A vida de Jair do Cavaquinho está intimamente ligada à história da Portela. Nasceu em Oswaldo Cruz, em 26 de abril de 1920, na Rua Arruda Câmara (atual Cantora Clara Nunes), onde se localiza o Portelão.

Desde criança, Jair acompanhava de perto Rufino, Alvarenga e Alvaiade, que tocavam cavaquinho e violão. Por isso resolveu fazer o seu próprio instrumento: aos 6 anos , criou um cavaquinho de tábua e cordas de arame. Já nesta idade, passou a ser o mascote da portela.

É casado com dona Tereza, com que tem nove filhos. Mora no bairro Jardim América, onde foi vizinho de Nelson Cavaquinho. Foi funcionário da Secretaria Municipal de Obras do Rio de Janeiro.

Jair lembra-se do famoso bloco Vai como Pode, de Oswaldo Cruz:

Não tinha bateria. Os músicos eram Benício (clarinete), Mundico (trombone), Caetano e Eusébio (violões) Bida (flauta) e Nonô (violino). Só havia um pandeiro para fazer o ritmo.

Integrou diversos grupos de samba, entre os quais Os cinco Crioulos - com Elton Medeiros, Nelson Sargento, Anescarzinho e Paulinho da Viola - e A voz do Morro - com Anescarzinho, Zé Kéti, Zé Cruz e Oscar Bigode.

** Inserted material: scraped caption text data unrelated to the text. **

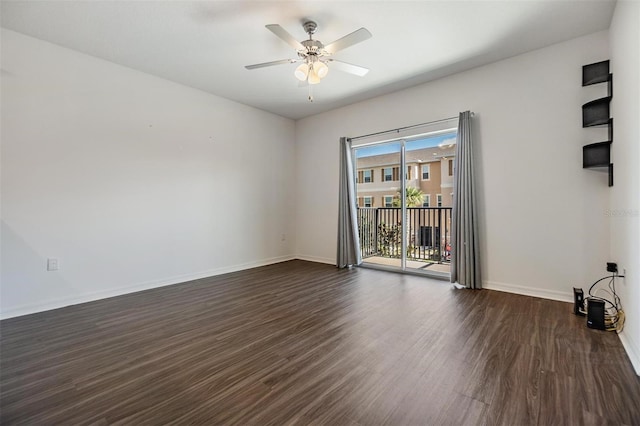 unfurnished room featuring ceiling fan and dark wood-type flooring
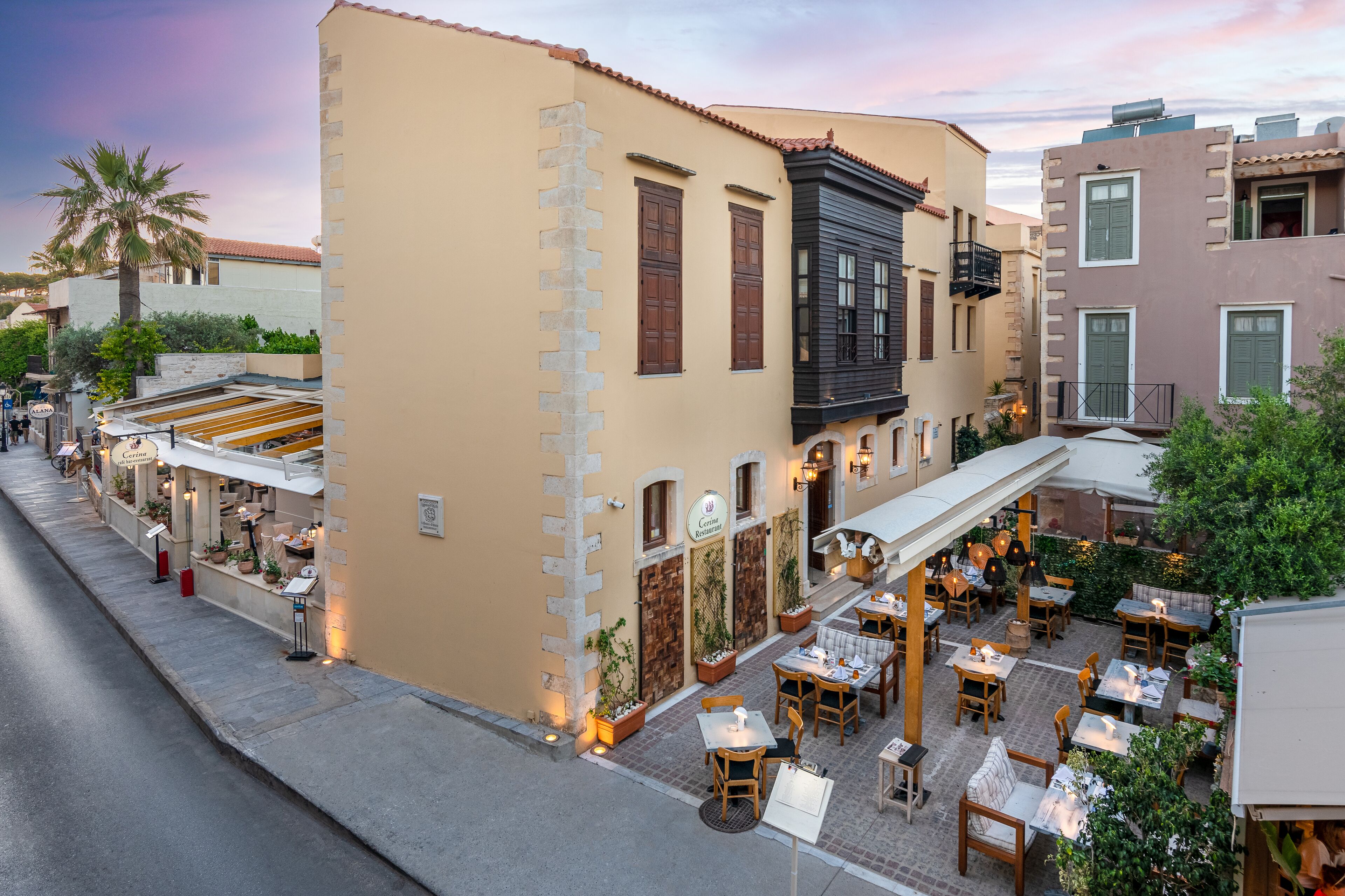 Un restaurante con terraza al aire libre y vistas a la calle.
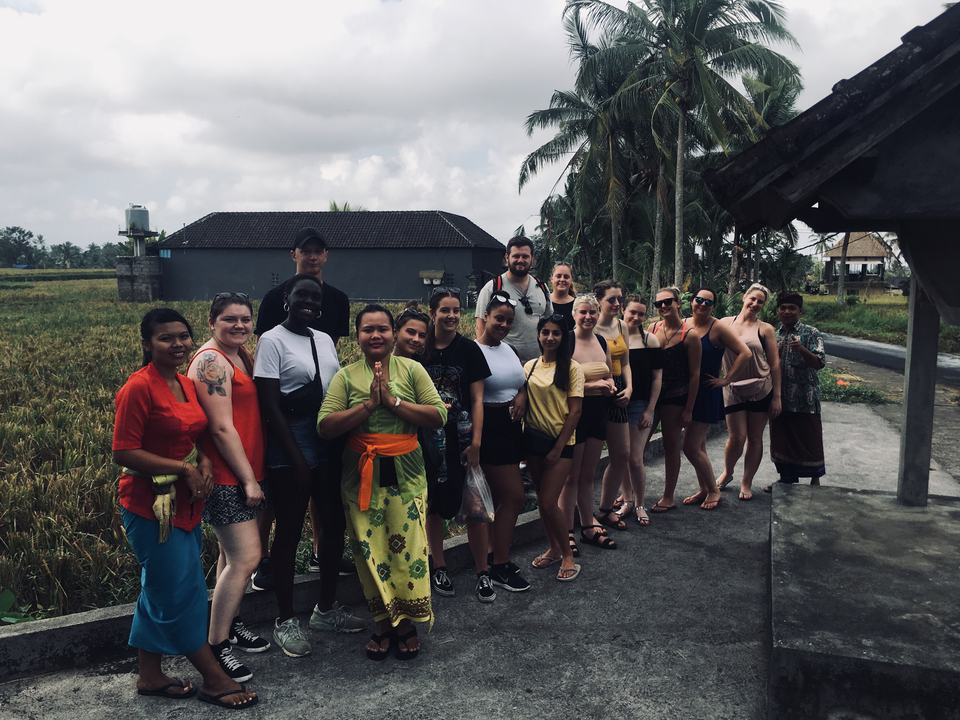 A group of tourists in traditional clothing posing outside.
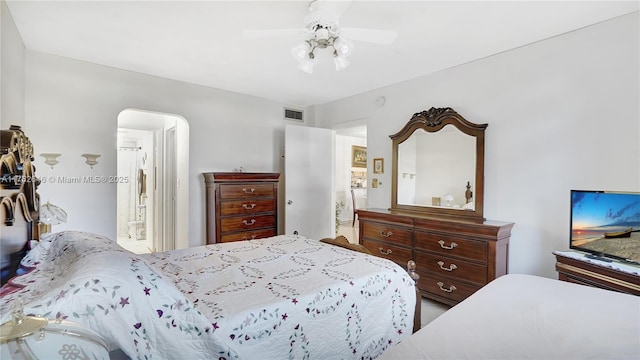 bedroom featuring visible vents, arched walkways, and ceiling fan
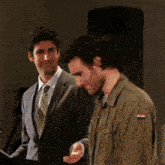 a man in a suit and tie stands next to another man in a military jacket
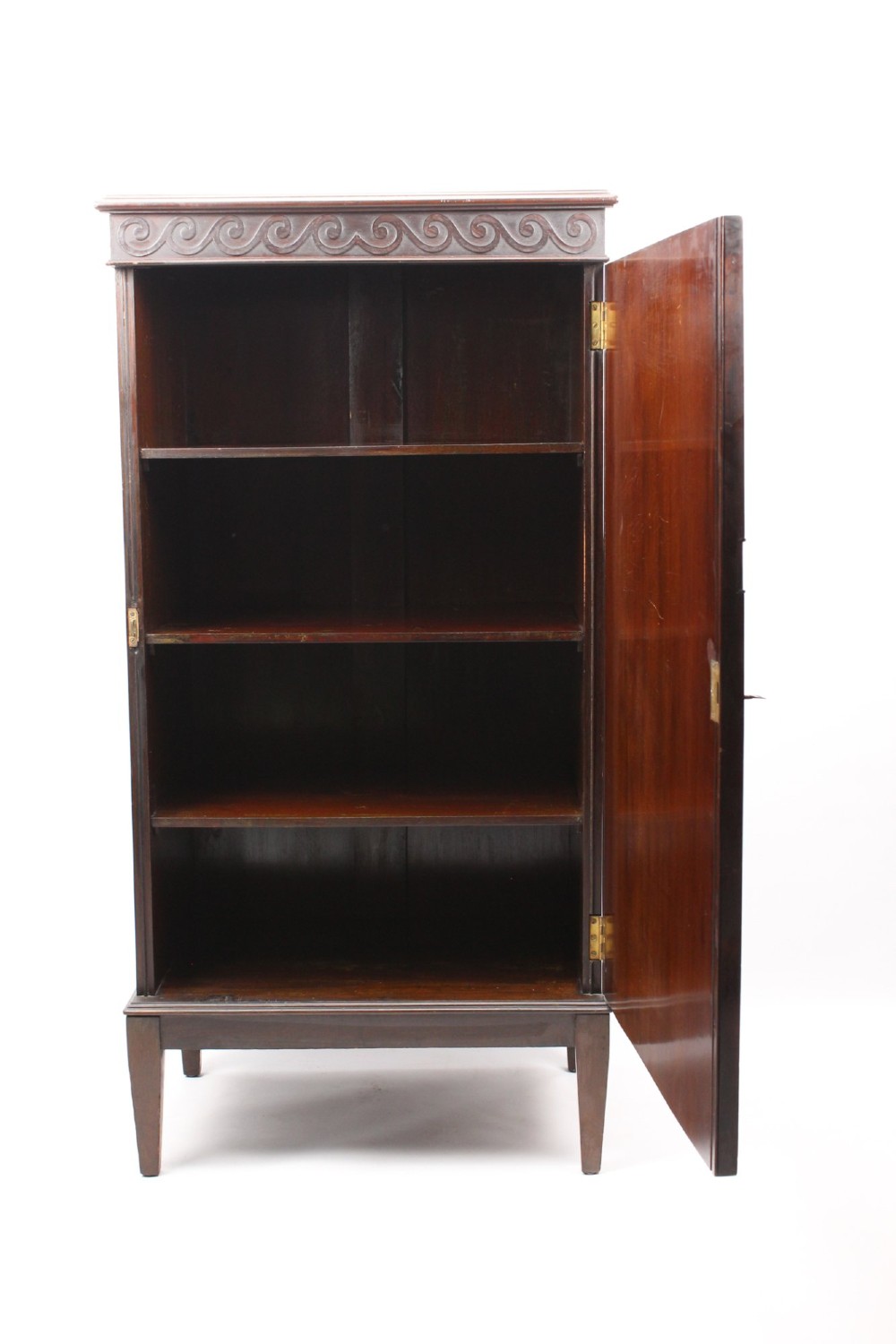 An Edwardian dark mahogany pedestal cabinet featuring an oval flame mahogany panel, carved scroll frieze, and square tapered legs. View II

Entrou para a velha guarda após a morte de Manacéa. Perfeitamente entrosado, Jair confessa:

A Velha Guarda é auma das mais organizadas e disciplinadas, graças à força de vontade de todos os componentes. Toda apresentação da Velha Guarda tem público certo. Ás vezes até nos emocionamos.

Compôs muitos sambas famosos, dentre os quais: Pecadora (parceira com Joãozinho da Pecador); Vou Partir, Eu e as flores e Enquanto a cidade dorme (parcerias com Nelson Cavaquinho); Ele deixou (parceria com Nelson Sargento, gravado por Elisete Cardoso); Ana e Barracão de zinco; e a belíssima valsa Eu te quero (parceria com Colombo).